決断する政治で経済は必ず復活する
私の問題意識 政治が決断しなかったツケ
この30年間、なぜ日本経済がここまで停滞してしまったか。シンプルに言えば、政治が決断すべきことを決断してこなかったからです。懸案のコメ政策がまさに典型ですが、長年変わらない賃金水準やGDP、国としての競争力低下もそうです。政治が決断をしてこなかったその累積が“失われた30年”をもたらしたといっても過言ではありません。

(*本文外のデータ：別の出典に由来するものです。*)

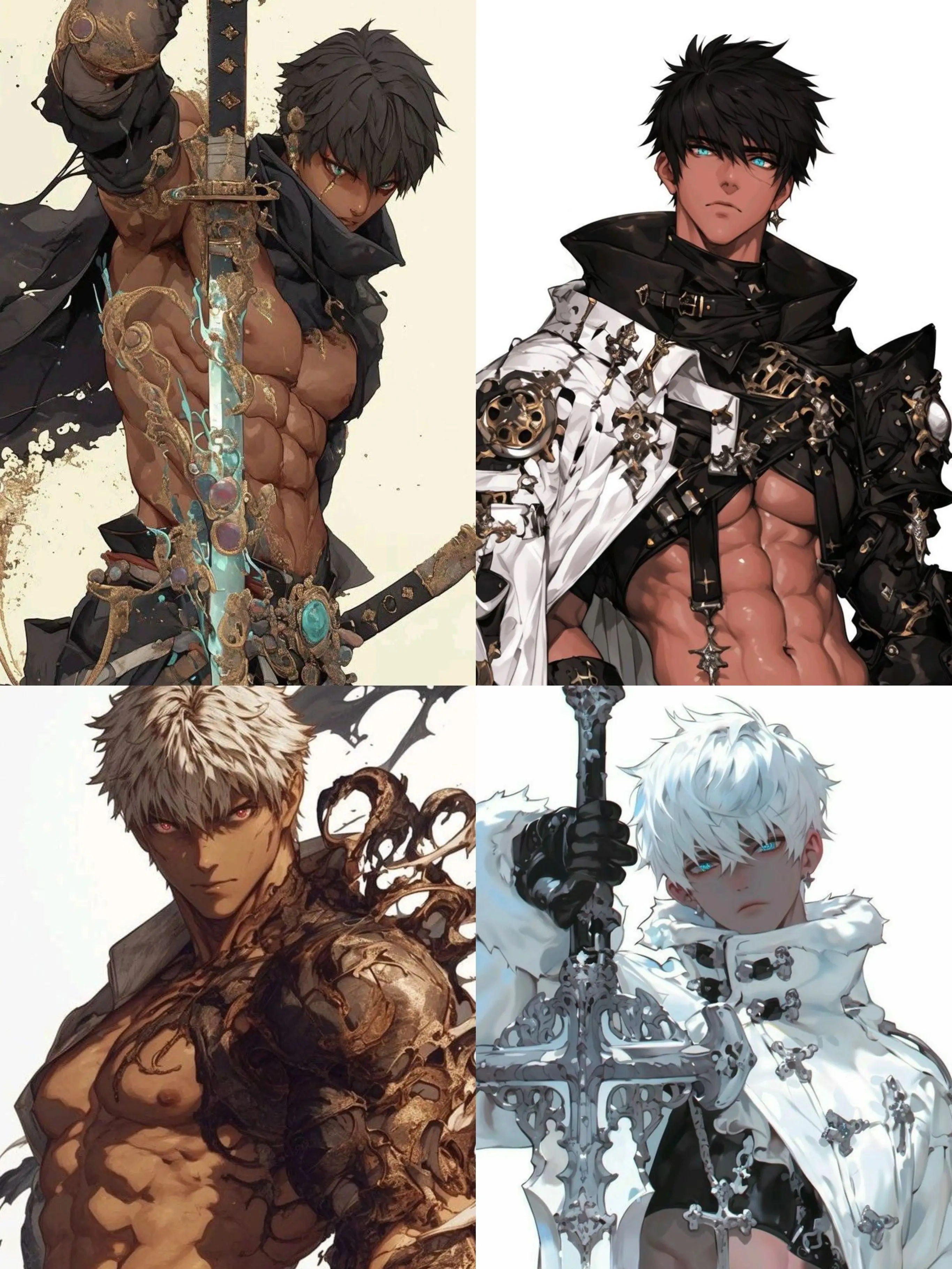 Gome의 최강 파티에게 주워진 최약체 힐러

私の実家は兼業農家で、いまでもコメや麦を作っています。私も小さい頃はよく「田んぼを手伝え」と言われました。私自身は財務省に勤めていたこともあり財政や金融が専門ですが、国会議員になってからずっと取り組んできたのは、実は農政でした。
2018年に、1970年代から続けていた減反政策を廃止したと政府はいいます。農家に対して指定していたコメの生産数量目標の配分をやめて、「生産者自らの経営判断で需要に応じて自由に作っていいですよ」ということになった。ところが実際には農家対策として「転作補助金」を拡充したため、従来の収入を維持するかたちで飼料用などのコメの生産が奨励されるようになりました。それに伴って農林水産省が毎年、「適正生産量」を決定し、それに基づいて農協(JA)が「あなたはここまでですよ」と農家を指導しはじめた。実質的な生産調整を続けていたのです。

誰のための「減反廃止」だったのか
何のためかといえば、米価を維持することで農業者の所得を保障するためです。表向きは「減反廃止」をやったかのように見せながら、国の主導で人為的にコメの値段を高く据え置き、消費者にそれを負担させる。まさに政治的な決断をしない「減反廃止」でした。

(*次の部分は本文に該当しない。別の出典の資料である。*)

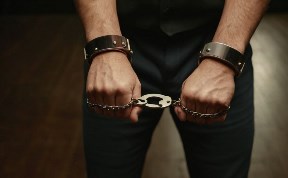 Происшествия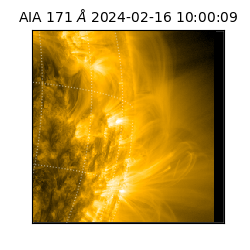 saia - 2024-02-16T10:00:09.350000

2016年当時、自民党農林水産部会長として改革の旗振り役を務めたのが、現農水大臣の小泉進次郎さんです。彼の改革は完全に骨抜きにされて、名ばかりの減反廃止という結果しか残せませんでした。農協や農水族議員の抵抗があったというのは、国民からすれば言い訳に過ぎません。要するに、小泉さんはじめ、当時の自民党が決断できなかったのです。